Recreate Greece (, , ) is a Greek right-wing political party, which has adopted an ideology heavily focused on anti-immigration, anti-Islam and anti-communism.

History
Founded in December 2011, it is led by Thanos Tzimeros and is self-identified as a citizen-centered political movement, with emphasis on the rebuilding of the Greek state.

The party participated in the May 2012 Greek legislative election shortly after being founded, receiving 2.15% of the total vote, short of the 3% threshold needed to enter Parliament. In the repeat elections in June, it formed an electoral alliance with Drasi, a fellow liberal party that had finished directly below them in the May election with 1.8% of the vote.

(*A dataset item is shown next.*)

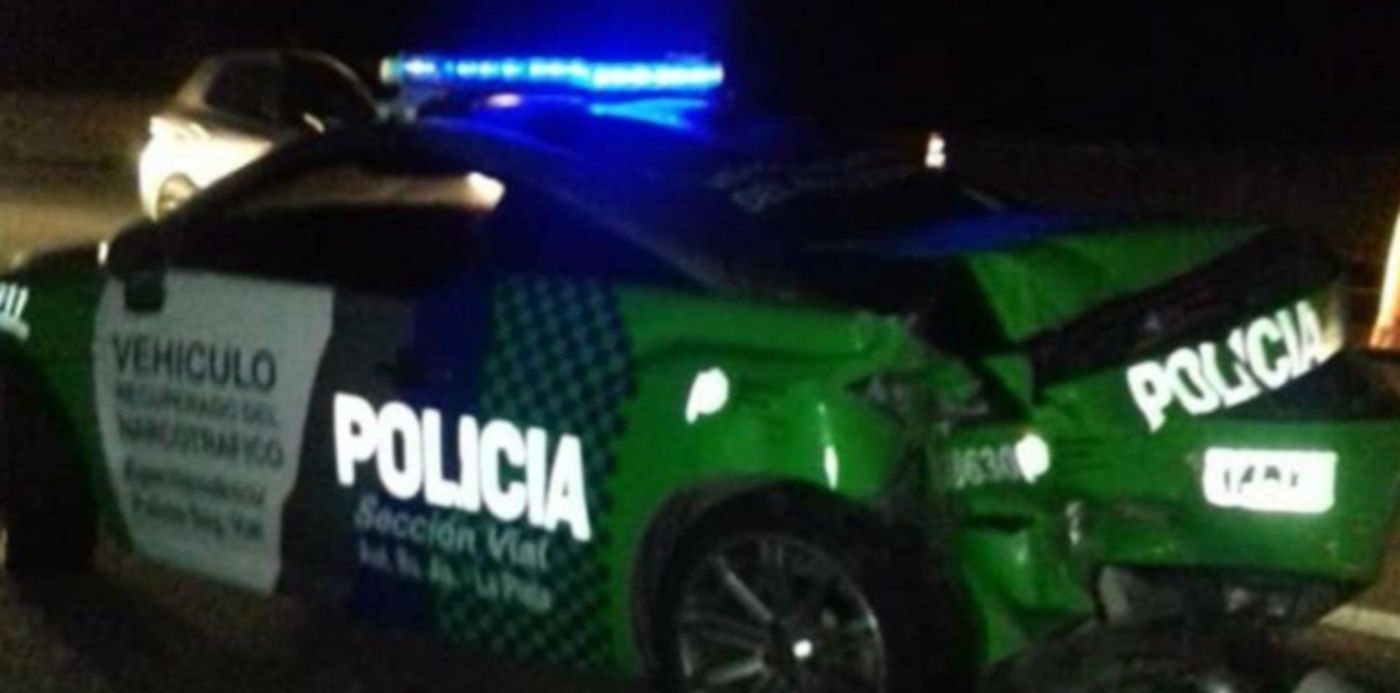 1541330613845.jpg?ow=938&oh=840&scaleX=1&scaleY=1&width=910&height=455&rotate=0&x=15&y=235&&cw=1920&ch=950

Recreate Greece also approached Democratic Alliance, but the latter opted to run on the New Democracy list instead. In the 17 June 2012 elections, the combined parties garnered only 1.59%, a lower vote than either got in the elections the month before. Drasi would later merge with New Democracy, while Recreate Greece declined further, receiving 0.53% in the 2015 election and 0.74% in 2019. In 2020, Thanos Tzimeros announced a new coaliation with far-right politician Failos Kranidiotis, which was later merged with a new party formed by Greek conservative MP Constantinos Bogdanos, and named National Creation.

Ideology and leadership 
Originally, the party's ideology has been referred to as classical liberalism and that it used to promote neoliberal ideas of free markets and small government. Because of his involvement for over a decade, it is widely believed that the party's leader Thanos Tzimeros shapes the party's ideology. His speeches and beliefs have changed over the years, shifting the party further to the right. He has been described as extreme or far-right. Tzimeros has described the Greek Communist Party as dangerous and that it must be outlawed, whilst he compares it to neo-Nazism. In some cases, he even expressed controversial opinions about the Greek National Resistance being a historical crime. He tends to have controversial views on migration, which have been described as racist, and often proclaims that Islam is a threat.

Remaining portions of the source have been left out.